Canzone Mansit'ha di SIKIMI

« I giovani che hanno preso parte al progetto ne erano entusiasti . Un rapper, già conosciuto, ci ha detto invece di no : lui stesso voleva partire irregolarmente, quindi non poteva cantare contro questo fenomeno. Le canzoni che hanno scritto i ragazzi raccontano anche la tragedia di chi resta e sopravvive a chi muore in mare. Ci sono famiglie che soffrono per sempre : abbiamo intervistato diverse madri dei dispersi in mare, e qui la tragedia è ancora maggiore di chi è riuscita a trovare una salma. Una volta una madre ha detto a un’altra : « Tu almeno hai una tomba su cui piangere ». Queste donne vivono in una continua schizofrenia, tra momenti di disperazione, e momenti di speranza, in cui credono di poter trovare il proprio caro ». Le canzoni sono anche una sorta di denuncia alle autorità europee : « Queste morti in mare non sono tragedie, ma la conseguenza di una certa politica. In Tunisia un viaggio simile costa dai 5 mila ai 13 mila dinari (circa 1566 euro e 4072 euro), 20 volte più di un viaggio regolare, cifre non indifferenti considerando che il salario minimo si aggira sui 450 dinari (circa 141 euro). Ciò significa che per qualche anno si deve lavorare per arrivare a mettere da parte questi soldi. E’ una disperazione mentale dovuta in parte al mito dell’Europa. Se ci fosse una migrazione regolare puù semplice, queste situazioni tragiche si eviterebbero. Bisogna che l’Europa si faccia un esame di coscienza ».
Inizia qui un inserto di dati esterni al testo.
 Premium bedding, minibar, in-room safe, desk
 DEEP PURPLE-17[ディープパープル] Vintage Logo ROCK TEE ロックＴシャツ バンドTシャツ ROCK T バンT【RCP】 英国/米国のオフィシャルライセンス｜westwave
« Tanti giovani hanno idee bellissime, ma mancano i fondi per realizzarle. Anche per le canzoni : registrare una canzone e girarne il video ha un determinato costo. Progetti come il nostro riescono a far breccia negli indecisi, tra chi ha remore sulla partenza, mentre ci sono persone che dicono che qui sono già morte, e rifiutano totalmente la vita in Tunisia, tanto da rischiarla in mare ». Seif, 16 anni, lavora da quando ne ha 12. Con il progetto Rap ha realizzato il sogno di registrare la sua prima canzone e realizzare un videoclip ed è ritornato a studiare. Sikimi, 21 anni, lavora in nero nei mercati di Kairouan e ha provato più volte la migrazione irregolare, perdendo degli amici. Ora ha messo da parte l’idea di partire di nuovo in questo modo.

QasmaLallah di Saif Laben

Il prossimo passo per fare sì che il progetto continui nel suo obiettivo di sensibilizzazione, è un Festival internazionale, sostenuto dal Ministero della cultura :  organizzato dall’associazione Monologue, si terrà a Kairouan a fine novembre sulla sofferenza della migrazione clandestina (maaset al harka), una competizione aperta ad attori; che sarà preceduta da un meeting di apertura con i musicisti del progetto RAP, ma anche altri provenienti dalla diaspora africana e dall’Europa, le cui canzoni vorranno sottolineare la tragedia della migrazione irregolare e la necessità di un cambiamento della politica dei visti. « Far capire che sono persone e non numeri, fare in modo che si crei un dialogo e che si svolga un evento sul tema da dove tutto ha origine. Che l’Europa capisca da dove provengono questi migrante. E che si rifletta sulla politica dei visti ».